Patients with smoking-independent lung cancer mainly consist of females, yet the molecular background of this epidemiological feature, other than epidermal growth factor receptor (EGFR) mutation, remains unclear. Several studies have revealed the association between female hormone-associated factors and the prognosis of lung cancer, however the data remain inconsistent. The present study focused on the expression of estrogen receptor (ER)α in order to elucidate this association in smoking-independent lung cancer. Immunohistochemistry staining (IHC) of aromatase, ERα and ERβ was performed against formalin-treated tissues from 38 patients who had never-smoked who underwent complete surgical resection between 2012 and 2013. Among them, adequate RNA of the tumor and adjacent normal lung cancer was extracted from 31 matching deep frozen samples. Considering the IHC results, reverse transcription-quantitative polymerase chain reaction (RT-qPCR) was performed to measure the expression level of 2 different exons of ERα, exon 6 and exon 7, which are part of the ligand binding domain of ERα, using the Taqman gene expression assay. Extra-nuclear expression of ERα using IHC demonstrated a statistically significant association with pathological invasiveness. RT-qPCR results exhibited a decreased expression of ERα exon 7 in invasive tumor tissues, compared with their adjacent normal tissues. This is consistent with the findings of previous studies indicating that extra-nuclear ERα were exon 7 splicing variants. No difference was observed in ERα exon 7 expression between normal and tumor tissues in non-invasive lung cancer tissues. When considering the EGFR mutation status, EGFR wild-type lung cancers exhibited decreased ERα exon 7 expression levels compared with EGFR mutated lung cancers. Extra-nuclear expression of ERα, which may represent exon 7 splicing variants of ERα, showed statistical association with pathological invasiveness in smoking-independent lung cancer. The post-translational splicing mechanism of ERα may be involved in the acquired invasiveness of smoking independent lung cancer.
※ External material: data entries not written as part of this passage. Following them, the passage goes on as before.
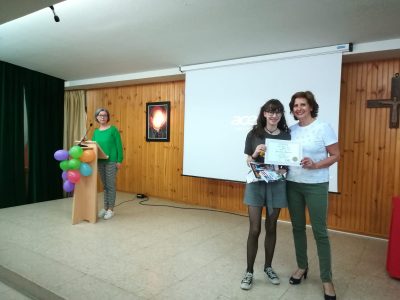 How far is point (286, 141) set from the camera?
179 cm

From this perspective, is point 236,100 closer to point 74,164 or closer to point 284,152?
point 284,152

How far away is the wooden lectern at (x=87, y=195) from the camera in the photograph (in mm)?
3293

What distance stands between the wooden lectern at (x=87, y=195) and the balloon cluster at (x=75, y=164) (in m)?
0.06

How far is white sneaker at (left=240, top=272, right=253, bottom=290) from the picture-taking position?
1964 millimetres

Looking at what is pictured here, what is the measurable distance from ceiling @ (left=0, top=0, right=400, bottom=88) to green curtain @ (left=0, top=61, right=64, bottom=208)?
27.4 inches

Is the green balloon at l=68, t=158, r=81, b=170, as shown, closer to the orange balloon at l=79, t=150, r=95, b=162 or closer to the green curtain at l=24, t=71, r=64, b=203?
the orange balloon at l=79, t=150, r=95, b=162

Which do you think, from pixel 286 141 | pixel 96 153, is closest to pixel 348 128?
pixel 286 141

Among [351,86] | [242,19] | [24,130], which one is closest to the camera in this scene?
[242,19]

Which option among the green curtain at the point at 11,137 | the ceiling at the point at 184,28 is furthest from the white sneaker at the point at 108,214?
the ceiling at the point at 184,28

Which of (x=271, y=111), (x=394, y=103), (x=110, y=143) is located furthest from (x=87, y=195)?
(x=394, y=103)

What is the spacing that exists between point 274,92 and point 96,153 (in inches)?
87.3

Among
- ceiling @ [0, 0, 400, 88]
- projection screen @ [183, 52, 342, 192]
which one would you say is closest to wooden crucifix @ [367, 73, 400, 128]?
ceiling @ [0, 0, 400, 88]

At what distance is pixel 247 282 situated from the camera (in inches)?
77.7

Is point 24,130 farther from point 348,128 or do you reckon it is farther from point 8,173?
point 348,128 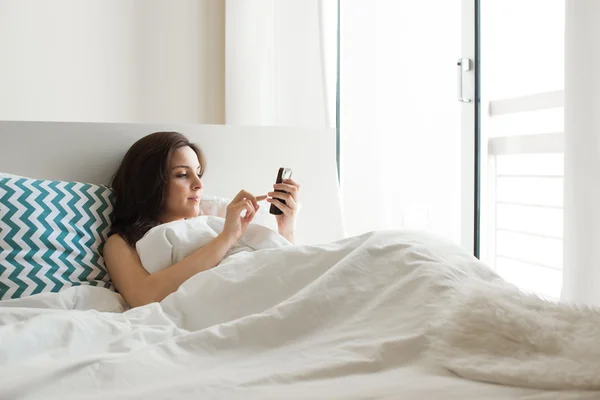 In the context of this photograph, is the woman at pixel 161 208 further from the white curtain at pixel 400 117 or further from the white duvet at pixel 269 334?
the white curtain at pixel 400 117

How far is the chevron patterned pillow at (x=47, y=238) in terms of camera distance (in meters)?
1.47

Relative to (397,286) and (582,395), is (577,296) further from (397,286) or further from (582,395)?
(582,395)

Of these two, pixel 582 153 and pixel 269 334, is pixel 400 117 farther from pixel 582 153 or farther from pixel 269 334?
pixel 269 334

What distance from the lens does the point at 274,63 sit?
3207 millimetres

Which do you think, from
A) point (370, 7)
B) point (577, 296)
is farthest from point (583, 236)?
point (370, 7)

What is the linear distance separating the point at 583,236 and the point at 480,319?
85 cm

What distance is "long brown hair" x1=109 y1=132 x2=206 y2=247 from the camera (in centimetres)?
171

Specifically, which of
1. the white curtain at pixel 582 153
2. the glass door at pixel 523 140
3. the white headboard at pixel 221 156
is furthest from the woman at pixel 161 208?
the glass door at pixel 523 140

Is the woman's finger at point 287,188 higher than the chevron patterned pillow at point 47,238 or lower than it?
higher

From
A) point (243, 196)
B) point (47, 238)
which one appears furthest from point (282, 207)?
point (47, 238)

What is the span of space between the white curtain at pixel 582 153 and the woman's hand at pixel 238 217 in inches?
32.3

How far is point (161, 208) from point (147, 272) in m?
0.28

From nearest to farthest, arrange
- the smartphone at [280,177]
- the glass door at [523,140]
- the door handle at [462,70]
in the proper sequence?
the smartphone at [280,177] < the glass door at [523,140] < the door handle at [462,70]

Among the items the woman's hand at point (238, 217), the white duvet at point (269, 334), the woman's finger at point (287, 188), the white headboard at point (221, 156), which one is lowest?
the white duvet at point (269, 334) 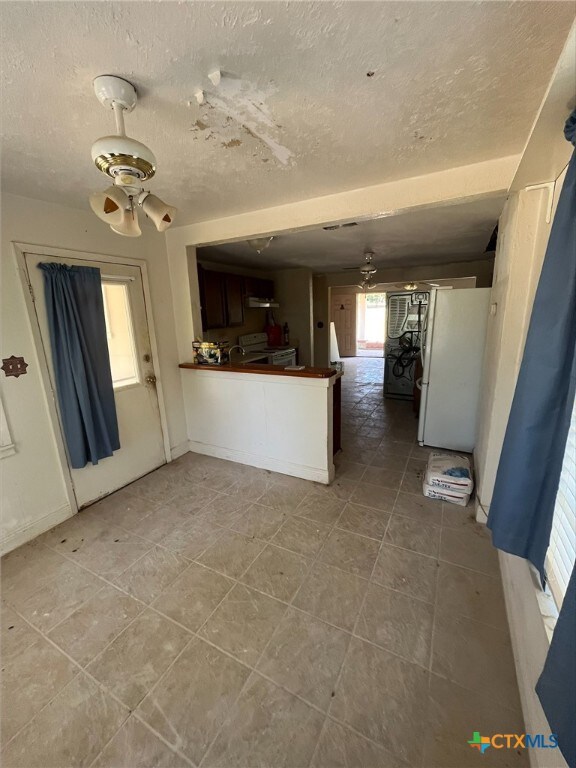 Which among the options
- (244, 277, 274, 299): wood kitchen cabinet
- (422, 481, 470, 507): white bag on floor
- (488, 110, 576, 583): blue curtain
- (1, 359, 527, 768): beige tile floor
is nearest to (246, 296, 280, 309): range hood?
(244, 277, 274, 299): wood kitchen cabinet

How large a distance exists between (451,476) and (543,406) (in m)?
1.63

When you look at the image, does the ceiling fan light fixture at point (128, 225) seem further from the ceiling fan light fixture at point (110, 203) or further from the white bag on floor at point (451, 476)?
the white bag on floor at point (451, 476)

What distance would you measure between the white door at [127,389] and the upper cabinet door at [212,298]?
111 centimetres

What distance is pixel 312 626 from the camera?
151 cm

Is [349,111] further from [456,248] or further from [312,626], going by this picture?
[456,248]

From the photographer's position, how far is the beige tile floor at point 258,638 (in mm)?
1118

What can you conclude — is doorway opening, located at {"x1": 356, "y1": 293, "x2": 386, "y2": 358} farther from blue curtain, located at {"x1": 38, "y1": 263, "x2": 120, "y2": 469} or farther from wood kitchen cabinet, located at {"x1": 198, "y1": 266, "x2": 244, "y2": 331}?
blue curtain, located at {"x1": 38, "y1": 263, "x2": 120, "y2": 469}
非吸烟相关性肺癌患者主要为女性,然而除表皮生长因子受体(EGFR)突变外,这一流行病学特征的分子背景仍不清楚。多项研究揭示了女性激素相关因素与肺癌预后之间的关联,但数据仍不一致。本研究聚焦于雌激素受体(ER)α的表达,以阐明非吸烟相关性肺癌中的这种关联。对2012年至2013年间接受完整手术切除的38例从不吸烟患者的福尔马林固定组织进行了芳香化酶、ERα和ERβ的免疫组织化学染色(IHC)。其中,从31对匹配的深度冷冻样本中提取了肿瘤及相邻正常肺组织的足量RNA。根据IHC结果,采用Taqman基因表达分析法进行逆转录定量聚合酶链反应(RT-qPCR),以检测ERα配体结合域的两个不同外显子(外显子6和外显子7)的表达水平。使用IHC检测到的ERα核外表达与病理侵袭性具有统计学意义的关联。RT-qPCR结果显示,与相邻正常组织相比,侵袭性肿瘤组织中ERα外显子7的表达降低。这与先前研究结果一致,表明核外ERα是外显子7剪接变体。在非侵袭性肺癌组织的正常组织和肿瘤组织之间,未观察到ERα外显子7表达的差异。考虑到EGFR突变状态,与EGFR突变的肺癌相比,EGFR野生型肺癌的ERα外显子7表达水平降低。ERα的核外表达可能代表ERα的外显子7剪接变体,在非吸烟相关性肺癌中与病理侵袭性具有统计学关联。ERα的翻译后剪接机制可能参与了非吸烟相关性肺癌的获得性侵袭性。